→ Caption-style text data
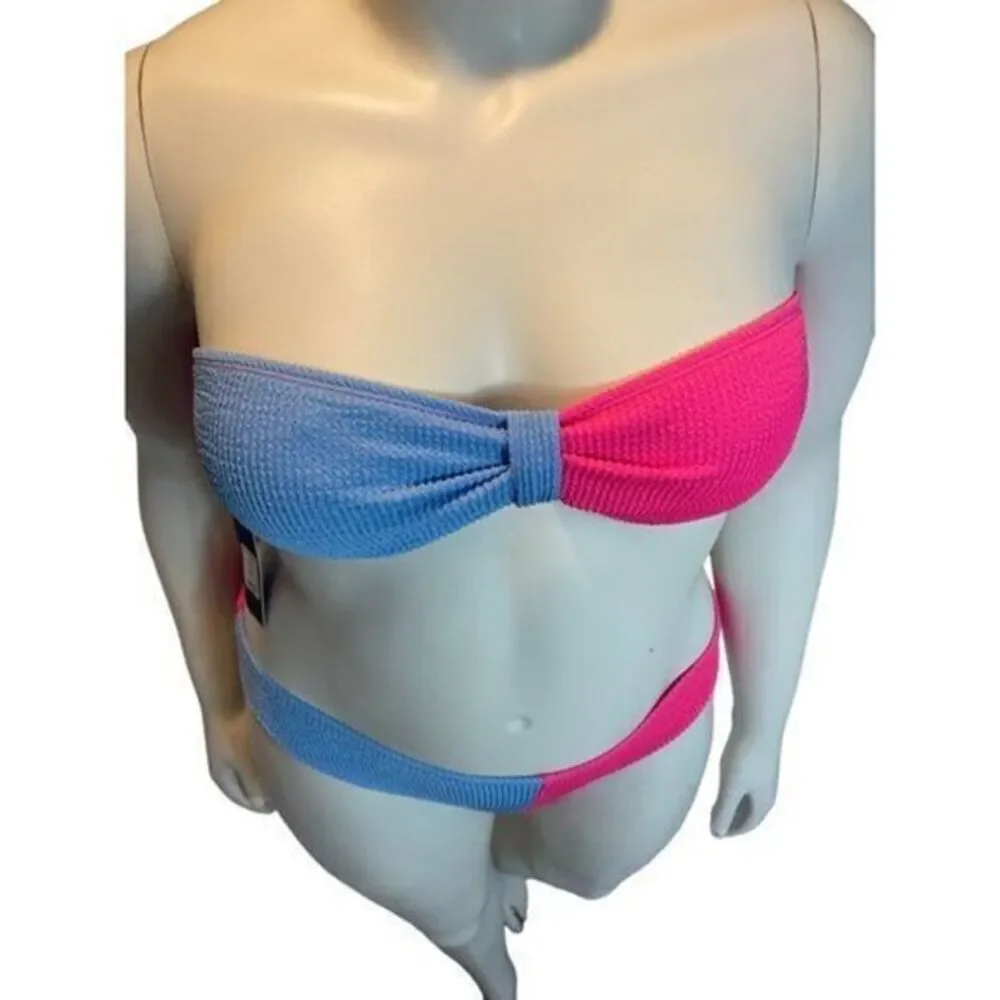 Addy Bandeau 2 Piece Bikini Size L Pink and Blue‎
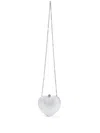 Mach&mach Women's Crystal Heart Hotfix Small Clutch In White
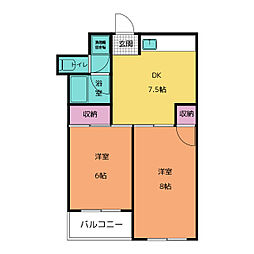 第一タカサハイム 2DKの間取図画像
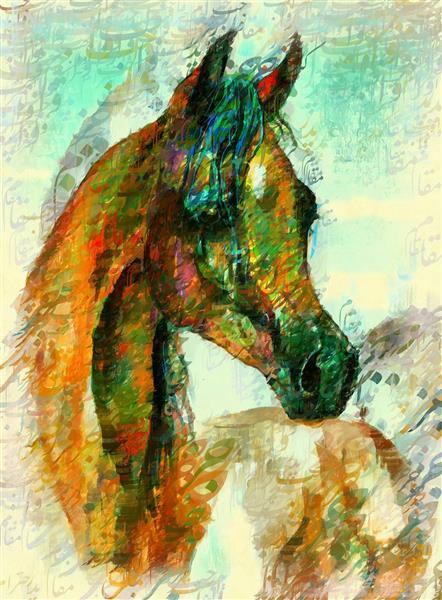 اسب ناز طرح نقاشیخط زیبای ایرانی با خوشنویسی نستعلیق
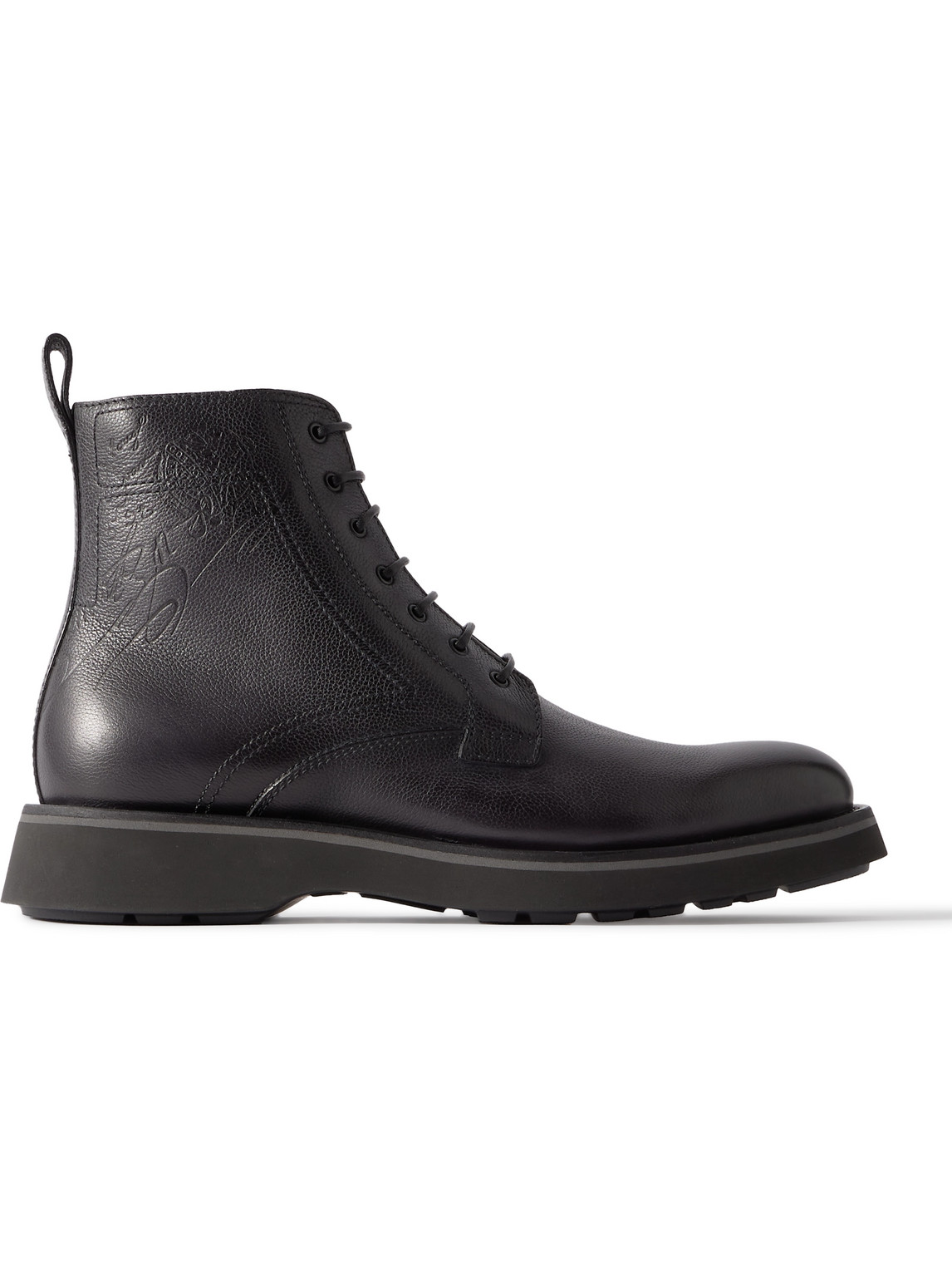 Berluti Alessio Scritto Venezia Full-grain Leather Boots In Black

→ What is expected
Ignoring the pictures, write out word for word only the lines from the one containing "اسب ناز طرح" through the last line of the data, both ends included.

→ Exercise response
 اسب ناز طرح نقاشیخط زیبای ایرانی با خوشنویسی نستعلیق
 Berluti Alessio Scritto Venezia Full-grain Leather Boots In Black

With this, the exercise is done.